◆ INSTRUCTIONS TO FOLLOW
Only one span is wanted from the lines below: from the one with "Calypso Once a" up to and including the one with "Crystal Ceiling Light". Copy it exactly, without images.

◆ EXERCISE INPUTS

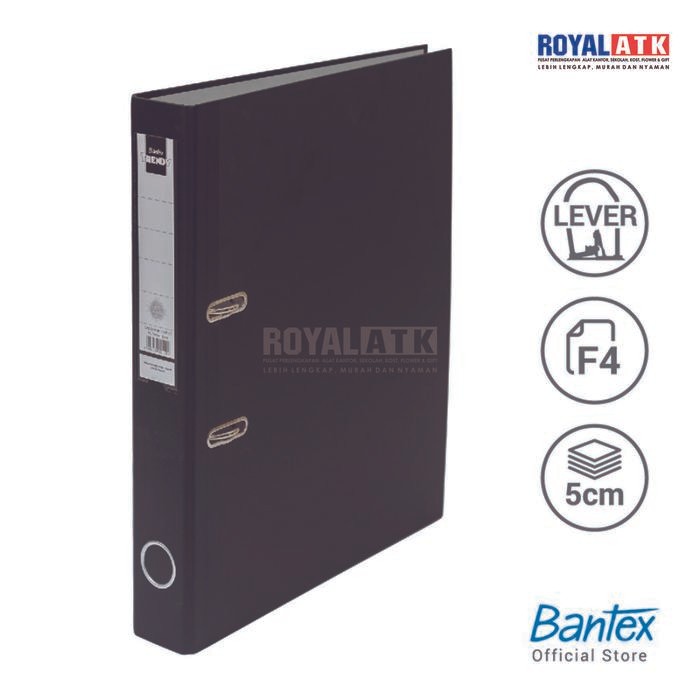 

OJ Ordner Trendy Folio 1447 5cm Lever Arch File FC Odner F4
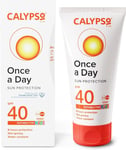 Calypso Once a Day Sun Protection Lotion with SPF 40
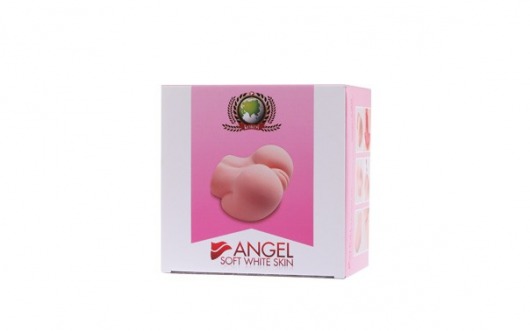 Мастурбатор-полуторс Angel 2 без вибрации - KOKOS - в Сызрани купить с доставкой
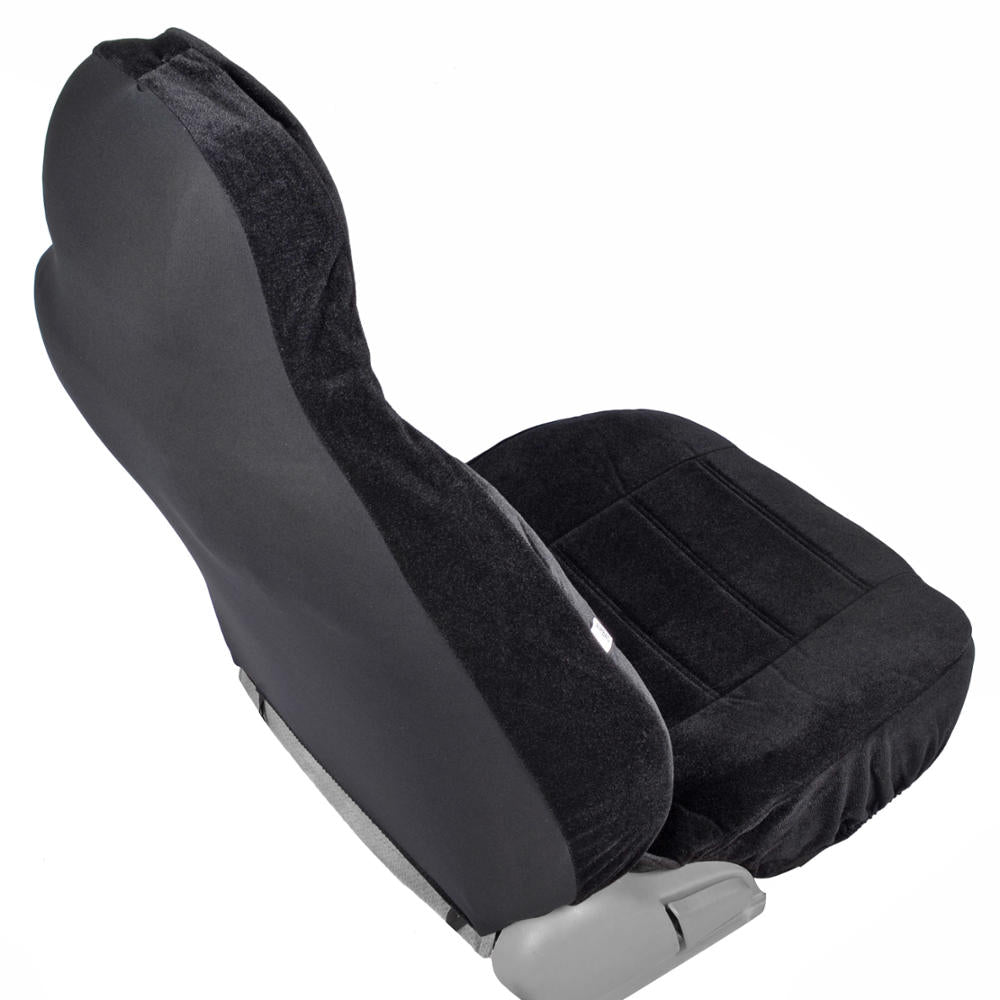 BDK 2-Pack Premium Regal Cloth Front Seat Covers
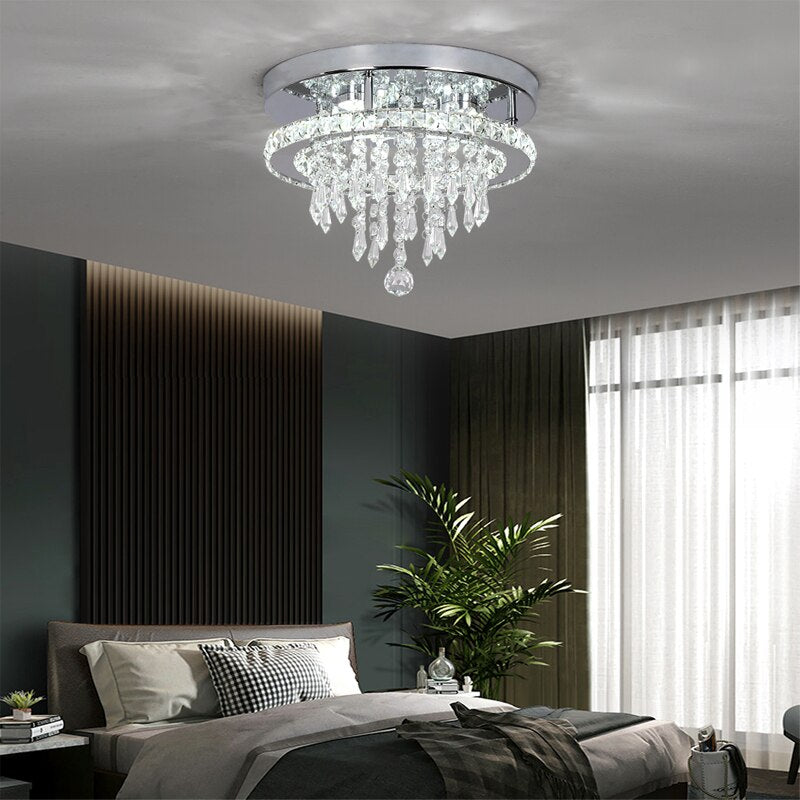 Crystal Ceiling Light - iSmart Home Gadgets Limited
---
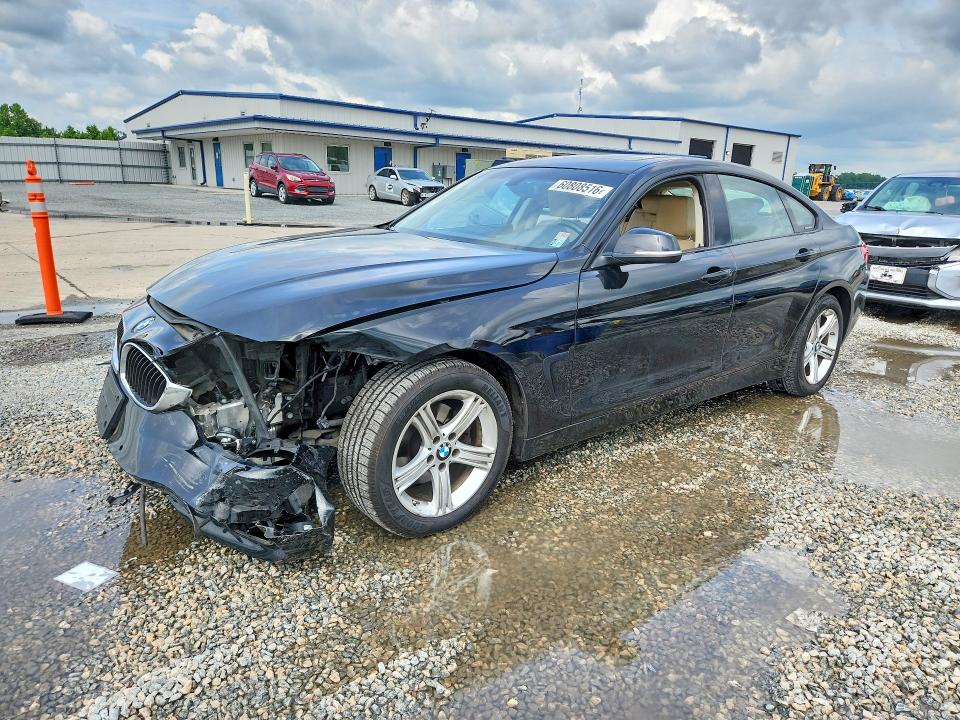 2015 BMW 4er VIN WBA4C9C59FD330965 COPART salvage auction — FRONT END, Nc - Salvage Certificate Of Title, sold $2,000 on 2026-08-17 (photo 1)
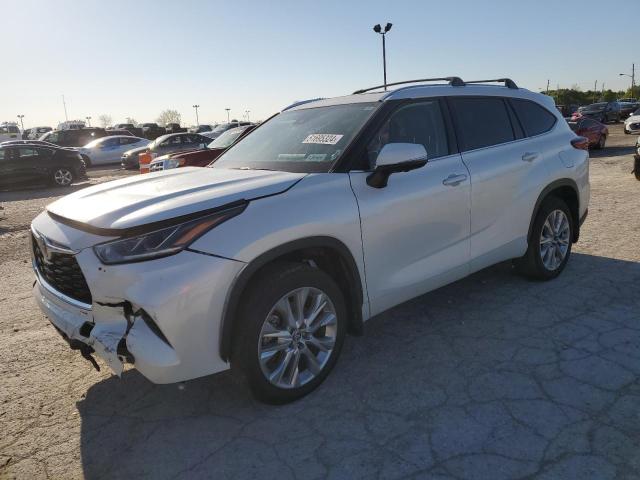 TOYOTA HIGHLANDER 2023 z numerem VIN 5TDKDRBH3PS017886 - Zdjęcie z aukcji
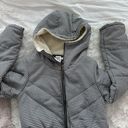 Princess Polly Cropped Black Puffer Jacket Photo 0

◆ TASK OUTPUT
 Calypso Once a Day Sun Protection Lotion with SPF 40
 Мастурбатор-полуторс Angel 2 без вибрации - KOKOS - в Сызрани купить с доставкой
 BDK 2-Pack Premium Regal Cloth Front Seat Covers
 Crystal Ceiling Light - iSmart Home Gadgets Limited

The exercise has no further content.